AUGUSTA –– A Maine lawmaker has submitted a proposal to ensure oversight of a secretive agency that’s expected to play a key role in the state’s crackdown on drug trafficking.

Rep. Charlotte Warren, D-Hallowell, said the bill is designed to protect Mainers’ right to privacy. Her bill follows a Portland Press Herald report that found there is little or no oversight of the Maine Information and Analysis Center – or MIAC – and its budget. The report also found that an advisory board created to oversee the MIAC’s surveillance activities has not met for several years.

In August, the LePage administration announced that the MIAC will be used in the state’s effort to disrupt the drug trade. The MIAC is one of about 80 so-called “fusion centers” created in the U.S. after the Sept. 11 terrorist attacks to increase collaboration and intelligence-gathering among all levels of law enforcement.

Fusion centers have been a source of controversy. The agencies received at least $461 million in federal funding last year and an estimated $1.4 billion through 2012, according to federal grant data. They have been widely criticized for violating Americans’ right to privacy and for drafting intelligence reports on peace activists, political groups and, in one case, a California motorcycle gang’s distribution of a leaflet urging members to have a designated driver and cooperate if stopped by police.

U.S. Senate investigators and the Government Accounting Office have both issued critical reports about fusion centers, raising questions about the scope of their activities and whether the public’s money was being well spent.

The MIAC’s activities in Maine are largely covert. The center is overseen by the Maine State Police, but its budget, the information it collects and the exact makeup of its 12-member staff are not publicly disclosed. Special Services Maj. Christopher Grotton said in an interview in September that he could not readily provide the center’s budget, and he declined to specify which federal agencies had personnel working in the MIAC.

Grotton said the MIAC follows strict federal and state guidelines to protect Mainers’ privacy.

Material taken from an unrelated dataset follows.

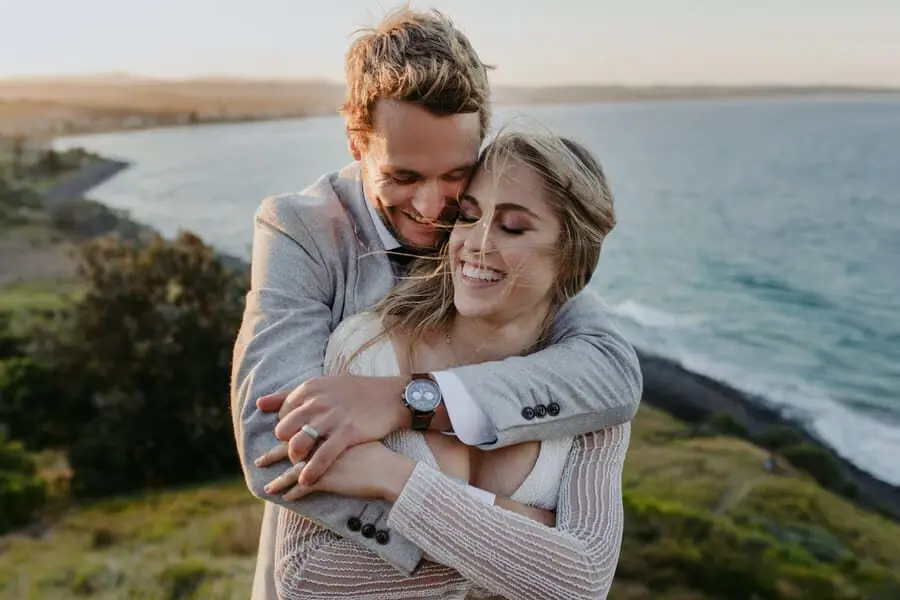 Groom embracing the smiling bride from behind beside a coastal cliff.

The center was set up to operate with input from a three-member advisory board that includes Daniel Wathen, a former chief justice of the Maine Supreme Judicial Court. Wathen told the Press Herald that years have passed since the board met to evaluate the center’s activities.

“It was rather hard to get your hands around what they were actually doing,” Wathen recalled.

Rep. Warren, in a media statement, said her proposal will empower the advisory board “to balance the enforcement goals with the rights of people they are investigating.”

“We all want to stop drug addiction, and at the same time be mindful of privacy rights of the Maine people,” Warren said. “I had never heard of MIAC, or the ‘fusion center’ as it’s called. In doing some research, I found little or no information on the group’s authority and oversight.”

Warren’s proposal must first clear the Legislative Council, which is set to meet Thursday to vote on roughly 400 bills proposed for the upcoming legislative session. An affirmative vote means Warren’s bill would be accepted in the next session. If the council declines to advance her proposal, she will have a chance to appeal in November.

Warren is a member of the Legislature’s Criminal Justice and Public Safety Committee and also the Judiciary Committee.